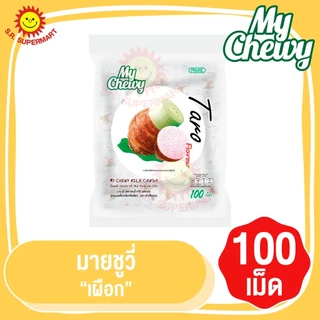 [1ถุง]มายชูวี่ มิ้ลค์ แคนดี้ 360 กรัม (ซอง 100 เม็ด)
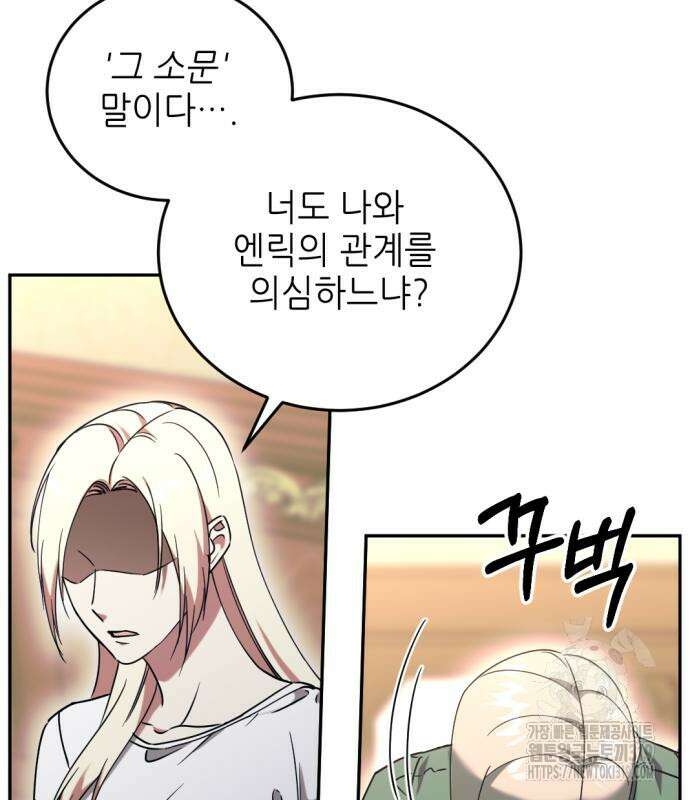시한부 황후의 나쁜 짓 8화 58
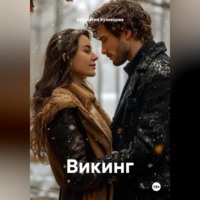 Анастасия Валерьевна Кузнецова. Викинг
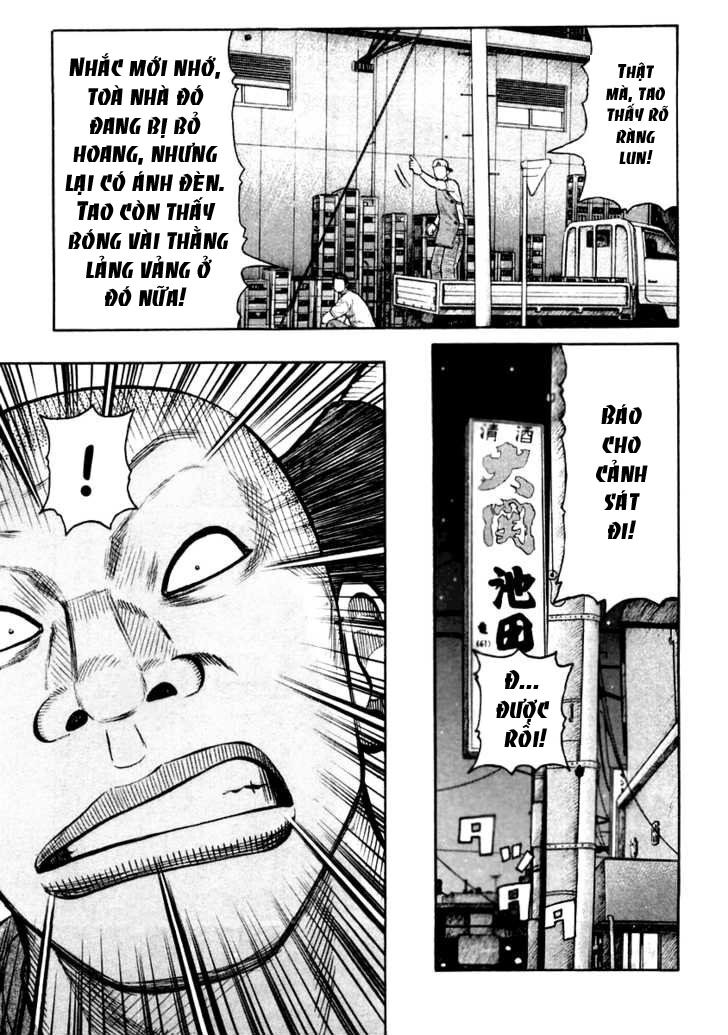 QP- Soul of Violence: Chapter 32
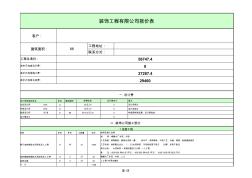 某装饰公司报价表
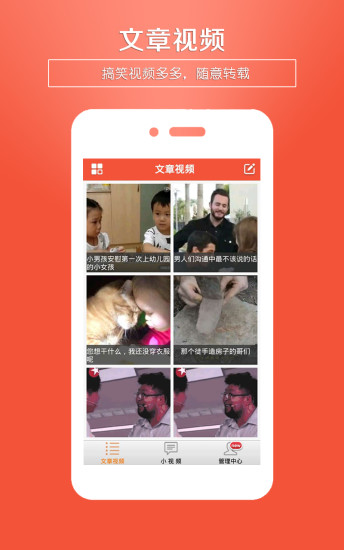 小视频转发app v4.5 安卓版0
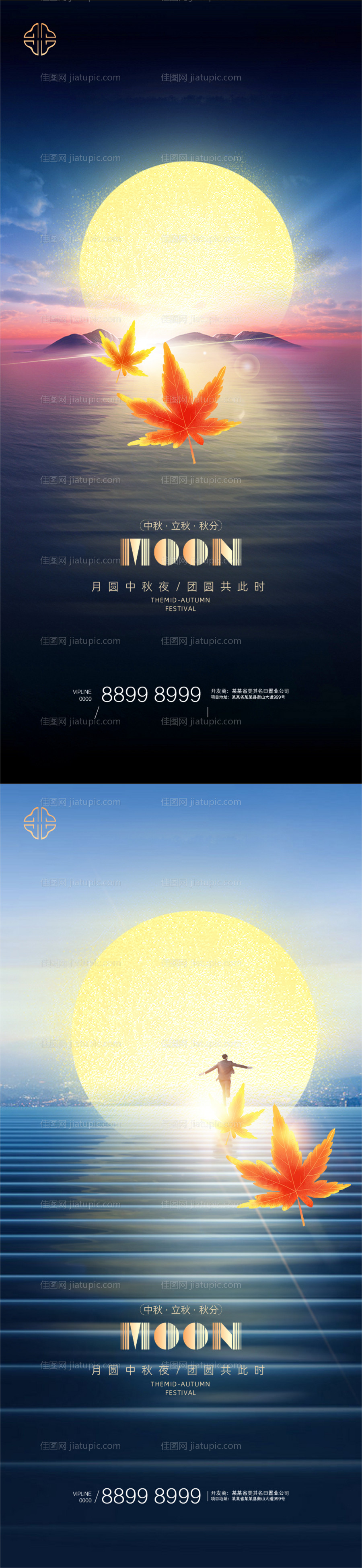 中秋立秋秋分系列海报-源文件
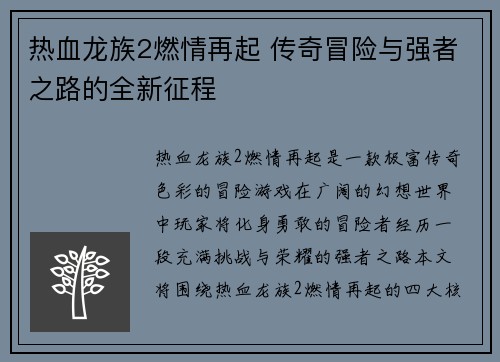热血龙族2燃情再起 传奇冒险与强者之路的全新征程
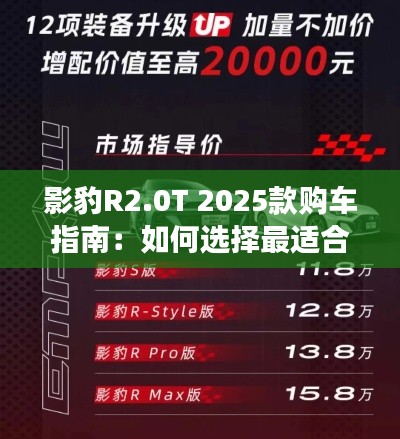 影豹R2.0T 2025款購車指南：如何選擇最適合你的座駕
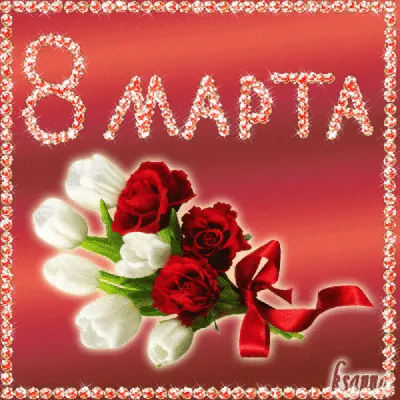 8 марта -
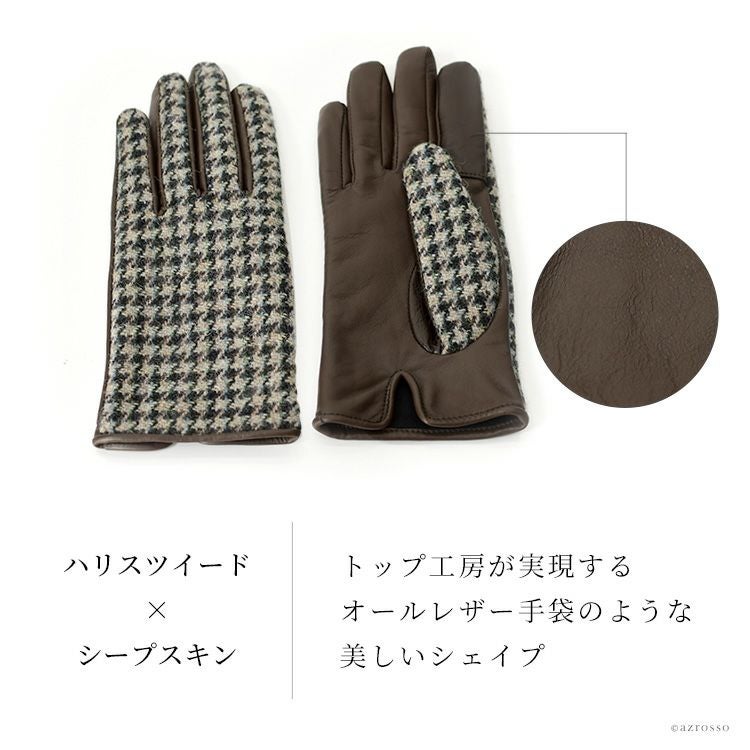 スマホ対応 ハリスツイード×羊革 レディース レザーグローブ 抗菌 日本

------

▶ [Directions for this task] Quote only the lines that start at the line holding "中秋立秋秋分系列海报-源文件" and end at the last line of the entries, including both of those lines, and omit every picture.

▶ [Response to this exercise]
 中秋立秋秋分系列海报-源文件
热血龙族2燃情再起 传奇冒险与强者之路的全新征程
 影豹R2.0T 2025款購車指南：如何選擇最適合你的座駕
 8 марта -
 スマホ対応 ハリスツイード×羊革 レディース レザーグローブ 抗菌 日本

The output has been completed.